_TASK BRIEF:_
Where in the entries below does "John" appear? Copy every line that has it.

_MATERIAL SHOWN:_
-----

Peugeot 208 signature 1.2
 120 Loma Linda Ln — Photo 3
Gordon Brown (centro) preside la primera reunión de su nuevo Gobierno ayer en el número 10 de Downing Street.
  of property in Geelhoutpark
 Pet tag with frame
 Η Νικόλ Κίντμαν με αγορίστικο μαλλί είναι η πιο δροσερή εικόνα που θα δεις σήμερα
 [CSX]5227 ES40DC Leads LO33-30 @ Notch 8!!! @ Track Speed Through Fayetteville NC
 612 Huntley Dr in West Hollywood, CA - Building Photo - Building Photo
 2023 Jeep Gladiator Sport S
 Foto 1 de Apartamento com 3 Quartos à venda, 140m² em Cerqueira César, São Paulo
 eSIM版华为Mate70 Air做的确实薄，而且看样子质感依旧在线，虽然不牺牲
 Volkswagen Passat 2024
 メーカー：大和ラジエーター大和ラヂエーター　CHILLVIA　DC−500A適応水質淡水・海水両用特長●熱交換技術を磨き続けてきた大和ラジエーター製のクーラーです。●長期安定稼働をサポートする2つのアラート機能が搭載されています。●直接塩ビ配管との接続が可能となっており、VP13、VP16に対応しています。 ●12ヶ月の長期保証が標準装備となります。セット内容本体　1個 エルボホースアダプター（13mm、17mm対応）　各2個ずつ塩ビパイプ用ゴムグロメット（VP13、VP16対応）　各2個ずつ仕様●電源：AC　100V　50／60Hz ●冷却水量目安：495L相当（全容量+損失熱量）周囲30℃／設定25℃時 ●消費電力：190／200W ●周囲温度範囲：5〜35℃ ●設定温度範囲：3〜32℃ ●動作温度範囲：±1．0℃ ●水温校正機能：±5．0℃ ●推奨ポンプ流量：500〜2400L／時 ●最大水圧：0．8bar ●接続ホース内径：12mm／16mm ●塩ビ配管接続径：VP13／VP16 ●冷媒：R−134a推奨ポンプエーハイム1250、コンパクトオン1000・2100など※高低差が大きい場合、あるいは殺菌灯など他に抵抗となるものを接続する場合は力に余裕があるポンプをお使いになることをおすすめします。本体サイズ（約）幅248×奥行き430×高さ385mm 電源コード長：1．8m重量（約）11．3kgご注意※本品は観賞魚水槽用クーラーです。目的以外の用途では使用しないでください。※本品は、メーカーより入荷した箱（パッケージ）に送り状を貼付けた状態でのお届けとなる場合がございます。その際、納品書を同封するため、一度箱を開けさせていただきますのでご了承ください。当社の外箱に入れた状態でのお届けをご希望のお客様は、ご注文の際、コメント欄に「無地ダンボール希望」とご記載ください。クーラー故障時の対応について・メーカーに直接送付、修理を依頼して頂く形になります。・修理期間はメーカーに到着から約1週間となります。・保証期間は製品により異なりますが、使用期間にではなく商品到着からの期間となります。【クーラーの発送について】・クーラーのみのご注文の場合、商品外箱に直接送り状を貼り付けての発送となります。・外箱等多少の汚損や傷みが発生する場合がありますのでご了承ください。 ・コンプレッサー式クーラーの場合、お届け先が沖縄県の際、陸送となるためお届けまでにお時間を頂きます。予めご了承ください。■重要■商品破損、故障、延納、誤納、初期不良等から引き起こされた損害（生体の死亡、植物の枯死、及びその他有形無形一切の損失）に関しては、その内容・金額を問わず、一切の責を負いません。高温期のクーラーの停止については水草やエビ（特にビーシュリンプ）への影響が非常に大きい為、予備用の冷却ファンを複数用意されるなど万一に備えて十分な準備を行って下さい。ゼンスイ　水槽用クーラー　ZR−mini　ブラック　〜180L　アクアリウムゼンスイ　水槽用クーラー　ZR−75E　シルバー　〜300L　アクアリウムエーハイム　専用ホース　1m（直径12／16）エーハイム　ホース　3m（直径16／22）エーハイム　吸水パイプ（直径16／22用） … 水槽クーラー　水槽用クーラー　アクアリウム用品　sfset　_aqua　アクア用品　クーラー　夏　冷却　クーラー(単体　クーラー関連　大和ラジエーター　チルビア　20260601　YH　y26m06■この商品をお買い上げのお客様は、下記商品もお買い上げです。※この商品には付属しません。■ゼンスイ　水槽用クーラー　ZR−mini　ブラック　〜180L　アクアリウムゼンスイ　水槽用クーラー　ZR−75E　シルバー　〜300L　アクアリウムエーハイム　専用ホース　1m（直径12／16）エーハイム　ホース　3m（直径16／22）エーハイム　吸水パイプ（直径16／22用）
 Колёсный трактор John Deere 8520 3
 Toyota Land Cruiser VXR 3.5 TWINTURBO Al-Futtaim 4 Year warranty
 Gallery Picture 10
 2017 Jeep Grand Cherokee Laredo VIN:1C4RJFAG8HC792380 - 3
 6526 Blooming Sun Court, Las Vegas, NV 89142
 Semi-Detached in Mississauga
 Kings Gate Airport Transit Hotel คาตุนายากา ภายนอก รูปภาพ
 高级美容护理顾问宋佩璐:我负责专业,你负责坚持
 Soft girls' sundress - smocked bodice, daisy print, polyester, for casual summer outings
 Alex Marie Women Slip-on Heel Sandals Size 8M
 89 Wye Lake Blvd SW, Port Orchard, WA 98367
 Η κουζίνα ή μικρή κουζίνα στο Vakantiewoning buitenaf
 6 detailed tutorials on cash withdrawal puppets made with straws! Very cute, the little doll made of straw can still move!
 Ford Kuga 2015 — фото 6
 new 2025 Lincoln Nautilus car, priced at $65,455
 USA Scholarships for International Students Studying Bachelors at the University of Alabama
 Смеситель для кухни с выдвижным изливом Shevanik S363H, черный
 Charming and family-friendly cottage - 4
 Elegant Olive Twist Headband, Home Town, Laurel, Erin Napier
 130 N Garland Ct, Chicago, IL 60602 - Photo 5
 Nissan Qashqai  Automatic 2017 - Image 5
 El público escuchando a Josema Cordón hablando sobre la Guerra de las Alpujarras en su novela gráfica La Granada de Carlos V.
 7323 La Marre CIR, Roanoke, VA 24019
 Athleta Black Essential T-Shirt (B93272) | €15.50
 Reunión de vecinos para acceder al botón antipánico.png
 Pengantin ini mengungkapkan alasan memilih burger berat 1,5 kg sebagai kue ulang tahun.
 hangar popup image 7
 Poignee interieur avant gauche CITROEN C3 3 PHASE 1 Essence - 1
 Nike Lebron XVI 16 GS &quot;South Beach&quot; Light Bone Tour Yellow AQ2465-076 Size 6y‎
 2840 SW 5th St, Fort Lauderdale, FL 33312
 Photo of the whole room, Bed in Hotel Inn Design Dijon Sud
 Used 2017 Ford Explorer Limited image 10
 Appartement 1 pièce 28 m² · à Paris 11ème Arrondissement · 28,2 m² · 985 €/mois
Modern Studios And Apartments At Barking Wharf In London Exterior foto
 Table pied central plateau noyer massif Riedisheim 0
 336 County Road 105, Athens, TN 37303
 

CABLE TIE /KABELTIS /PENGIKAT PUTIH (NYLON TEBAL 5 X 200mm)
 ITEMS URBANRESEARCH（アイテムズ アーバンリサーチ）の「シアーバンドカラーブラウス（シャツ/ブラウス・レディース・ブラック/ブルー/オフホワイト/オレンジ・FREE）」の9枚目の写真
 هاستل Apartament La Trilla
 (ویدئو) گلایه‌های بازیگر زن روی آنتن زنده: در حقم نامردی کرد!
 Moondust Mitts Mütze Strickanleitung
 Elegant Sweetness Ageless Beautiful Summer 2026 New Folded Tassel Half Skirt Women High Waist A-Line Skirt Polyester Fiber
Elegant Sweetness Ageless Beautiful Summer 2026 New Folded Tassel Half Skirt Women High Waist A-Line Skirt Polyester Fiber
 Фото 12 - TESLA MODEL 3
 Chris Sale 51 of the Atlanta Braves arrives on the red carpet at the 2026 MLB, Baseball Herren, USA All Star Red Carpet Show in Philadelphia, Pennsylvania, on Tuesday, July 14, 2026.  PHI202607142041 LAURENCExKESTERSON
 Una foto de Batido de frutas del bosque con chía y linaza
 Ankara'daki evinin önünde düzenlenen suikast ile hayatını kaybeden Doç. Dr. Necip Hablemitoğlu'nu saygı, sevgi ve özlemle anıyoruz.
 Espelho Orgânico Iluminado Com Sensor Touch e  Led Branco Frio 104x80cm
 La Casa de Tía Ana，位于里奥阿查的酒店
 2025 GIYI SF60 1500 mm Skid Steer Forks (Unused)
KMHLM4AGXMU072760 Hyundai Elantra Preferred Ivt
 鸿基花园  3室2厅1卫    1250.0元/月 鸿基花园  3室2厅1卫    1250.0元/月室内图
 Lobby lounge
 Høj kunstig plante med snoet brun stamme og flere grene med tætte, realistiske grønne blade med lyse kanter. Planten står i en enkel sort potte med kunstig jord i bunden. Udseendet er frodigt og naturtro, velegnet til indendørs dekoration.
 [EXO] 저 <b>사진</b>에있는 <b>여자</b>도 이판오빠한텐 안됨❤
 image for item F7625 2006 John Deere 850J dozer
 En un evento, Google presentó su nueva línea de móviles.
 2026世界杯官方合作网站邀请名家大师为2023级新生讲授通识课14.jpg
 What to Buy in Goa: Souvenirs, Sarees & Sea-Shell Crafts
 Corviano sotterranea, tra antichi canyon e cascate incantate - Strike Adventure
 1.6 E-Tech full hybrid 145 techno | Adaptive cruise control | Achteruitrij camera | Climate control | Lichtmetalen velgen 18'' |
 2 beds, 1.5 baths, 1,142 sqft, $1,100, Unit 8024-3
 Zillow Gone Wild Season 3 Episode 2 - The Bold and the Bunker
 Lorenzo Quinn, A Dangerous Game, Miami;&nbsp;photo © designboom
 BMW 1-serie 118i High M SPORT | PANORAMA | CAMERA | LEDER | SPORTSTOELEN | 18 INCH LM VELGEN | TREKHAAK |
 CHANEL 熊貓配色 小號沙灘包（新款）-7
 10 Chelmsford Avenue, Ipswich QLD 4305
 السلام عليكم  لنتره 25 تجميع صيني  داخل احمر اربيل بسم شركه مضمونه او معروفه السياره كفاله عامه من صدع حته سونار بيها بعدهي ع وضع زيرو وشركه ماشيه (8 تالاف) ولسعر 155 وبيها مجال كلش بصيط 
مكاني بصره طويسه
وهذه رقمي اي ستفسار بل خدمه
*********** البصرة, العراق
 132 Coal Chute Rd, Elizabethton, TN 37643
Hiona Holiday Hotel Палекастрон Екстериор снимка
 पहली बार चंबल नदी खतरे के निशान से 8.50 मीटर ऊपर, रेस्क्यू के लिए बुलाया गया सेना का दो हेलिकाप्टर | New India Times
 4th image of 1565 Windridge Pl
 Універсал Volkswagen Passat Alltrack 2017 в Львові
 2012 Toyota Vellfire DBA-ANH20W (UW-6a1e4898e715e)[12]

-----

_REPLY:_
 Колёсный трактор John Deere 8520 3
 image for item F7625 2006 John Deere 850J dozer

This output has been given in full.